使用属性跟踪要删除的元素，并在处理后将它们全部删除。

using System.Linq;

List<MyProperty> _Group = new List<MyProperty>();
// ... add elements

bool cond = false;
foreach (MyProperty currObj in _Group)
{
    // here it is supposed that you decide the "remove conditions"...
    cond = true; // set true or false...
    if (cond) 
    {
        // SET - element can be deleted
        currObj.REMOVE_ME = true;
    }
}
// RESET
_Group.RemoveAll(r => r.REMOVE_ME);

我将从一个过滤掉您不想保留的元素的LINQ查询中重新分配列表。

list = list.Where(item => ...).ToList();

除非列表非常大，否则这样做应该不会有明显的性能问题。

使用for循环反向迭代列表:

for (int i = safePendingList.Count - 1; i >= 0; i--)
{
    // some code
    // safePendingList.RemoveAt(i);
}

例子:

var list = new List<int>(Enumerable.Range(1, 10));
for (int i = list.Count - 1; i >= 0; i--)
{
    if (list[i] > 5)
        list.RemoveAt(i);
}
list.ForEach(i => Console.WriteLine(i));

或者，你可以使用RemoveAll方法和一个谓词来测试:

safePendingList.RemoveAll(item => item.Value == someValue);

下面是一个简单的例子:

var list = new List<int>(Enumerable.Range(1, 10));
Console.WriteLine("Before:");
list.ForEach(i => Console.WriteLine(i));
list.RemoveAll(i => i > 5);
Console.WriteLine("After:");
list.ForEach(i => Console.WriteLine(i));

当您希望在迭代Collection时从其中删除元素时，首先想到的应该是反向迭代。

幸运的是，有一个比编写for循环更优雅的解决方案，因为for循环涉及不必要的输入，而且容易出错。

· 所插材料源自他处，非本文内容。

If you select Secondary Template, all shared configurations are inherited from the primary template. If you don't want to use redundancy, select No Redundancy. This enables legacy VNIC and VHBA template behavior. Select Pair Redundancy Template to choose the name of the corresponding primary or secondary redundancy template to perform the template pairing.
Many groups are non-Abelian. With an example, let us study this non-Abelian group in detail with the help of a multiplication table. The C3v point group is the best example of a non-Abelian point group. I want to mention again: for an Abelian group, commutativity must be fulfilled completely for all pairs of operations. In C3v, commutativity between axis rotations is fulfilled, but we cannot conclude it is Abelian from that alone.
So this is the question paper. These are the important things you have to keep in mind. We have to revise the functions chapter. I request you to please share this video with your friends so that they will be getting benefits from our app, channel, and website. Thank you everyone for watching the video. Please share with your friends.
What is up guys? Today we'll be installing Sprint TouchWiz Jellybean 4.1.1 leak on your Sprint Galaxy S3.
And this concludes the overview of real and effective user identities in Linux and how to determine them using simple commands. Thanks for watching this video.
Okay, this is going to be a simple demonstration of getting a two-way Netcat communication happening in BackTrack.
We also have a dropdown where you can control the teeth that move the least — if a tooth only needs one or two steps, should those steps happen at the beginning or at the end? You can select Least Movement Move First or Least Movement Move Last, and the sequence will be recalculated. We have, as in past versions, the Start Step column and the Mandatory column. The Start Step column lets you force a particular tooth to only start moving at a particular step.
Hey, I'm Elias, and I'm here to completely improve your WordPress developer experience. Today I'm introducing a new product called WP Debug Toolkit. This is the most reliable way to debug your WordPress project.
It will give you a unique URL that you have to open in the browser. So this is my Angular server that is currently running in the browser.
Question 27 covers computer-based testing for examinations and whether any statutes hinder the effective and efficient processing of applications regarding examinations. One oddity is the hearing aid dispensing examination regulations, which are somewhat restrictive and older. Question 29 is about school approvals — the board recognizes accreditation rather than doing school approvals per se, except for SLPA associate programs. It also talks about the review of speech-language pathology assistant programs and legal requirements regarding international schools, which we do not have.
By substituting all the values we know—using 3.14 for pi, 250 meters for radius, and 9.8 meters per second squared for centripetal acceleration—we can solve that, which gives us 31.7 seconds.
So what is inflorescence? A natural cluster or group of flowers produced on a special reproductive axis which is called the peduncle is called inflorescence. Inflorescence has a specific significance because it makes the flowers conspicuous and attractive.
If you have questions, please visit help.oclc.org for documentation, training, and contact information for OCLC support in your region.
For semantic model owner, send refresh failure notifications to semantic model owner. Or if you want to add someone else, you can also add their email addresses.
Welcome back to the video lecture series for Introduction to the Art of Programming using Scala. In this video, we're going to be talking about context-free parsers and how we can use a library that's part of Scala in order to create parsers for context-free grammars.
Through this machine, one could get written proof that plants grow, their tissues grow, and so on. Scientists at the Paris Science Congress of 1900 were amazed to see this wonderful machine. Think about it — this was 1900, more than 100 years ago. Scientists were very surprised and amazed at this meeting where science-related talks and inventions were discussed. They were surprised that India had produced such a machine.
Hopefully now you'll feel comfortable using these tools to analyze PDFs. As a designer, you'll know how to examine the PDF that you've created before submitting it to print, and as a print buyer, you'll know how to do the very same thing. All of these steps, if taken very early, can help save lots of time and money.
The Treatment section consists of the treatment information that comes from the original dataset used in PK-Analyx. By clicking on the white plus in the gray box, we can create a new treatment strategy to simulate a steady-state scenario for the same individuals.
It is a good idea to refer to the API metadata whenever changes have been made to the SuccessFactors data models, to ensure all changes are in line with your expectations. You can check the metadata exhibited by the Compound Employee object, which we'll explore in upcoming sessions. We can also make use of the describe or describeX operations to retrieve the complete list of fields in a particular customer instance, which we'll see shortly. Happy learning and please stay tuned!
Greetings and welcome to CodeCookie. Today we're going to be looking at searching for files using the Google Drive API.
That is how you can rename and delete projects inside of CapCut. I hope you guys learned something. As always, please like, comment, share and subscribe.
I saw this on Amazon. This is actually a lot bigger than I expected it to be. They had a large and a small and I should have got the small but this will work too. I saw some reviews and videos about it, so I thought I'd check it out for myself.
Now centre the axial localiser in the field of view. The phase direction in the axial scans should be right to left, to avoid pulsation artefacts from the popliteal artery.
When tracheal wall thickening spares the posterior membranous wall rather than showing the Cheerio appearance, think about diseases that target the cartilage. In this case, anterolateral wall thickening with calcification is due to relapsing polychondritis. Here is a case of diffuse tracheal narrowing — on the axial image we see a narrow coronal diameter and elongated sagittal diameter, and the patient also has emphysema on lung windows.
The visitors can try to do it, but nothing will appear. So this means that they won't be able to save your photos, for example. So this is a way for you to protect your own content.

ICollection<int> test = new List<int>(new int[] {1, 2, 3, 4, 5, 6, 7, 8, 9, 10});

foreach (int myInt in test.Reverse<int>())
{
    if (myInt % 2 == 0)
    {
        test.Remove(myInt);
    }
}

因为任何移除都是在你可以使用的条件下进行的

list.RemoveAll(item => item.Value == someValue);

从列表中删除一个项的成本与后面要删除的项的数量成正比。在前半部分的条目符合删除条件的情况下，任何基于单独删除条目的方法最终都将不得不执行大约N*N/4个条目复制操作，如果列表很大，这可能会非常昂贵。

A faster approach is to scan through the list to find the first item to be removed (if any), and then from that point forward copy each item which should be retained to the spot where it belongs. Once this is done, if R items should be retained, the first R items in the list will be those R items, and all of the items requiring deletion will be at the end. If those items are deleted in reverse order, the system won't end up having to copy any of them, so if the list had N items of which R items, including all of the first F, were retained, it will be necessary to copy R-F items, and shrink the list by one item N-R times. All linear time.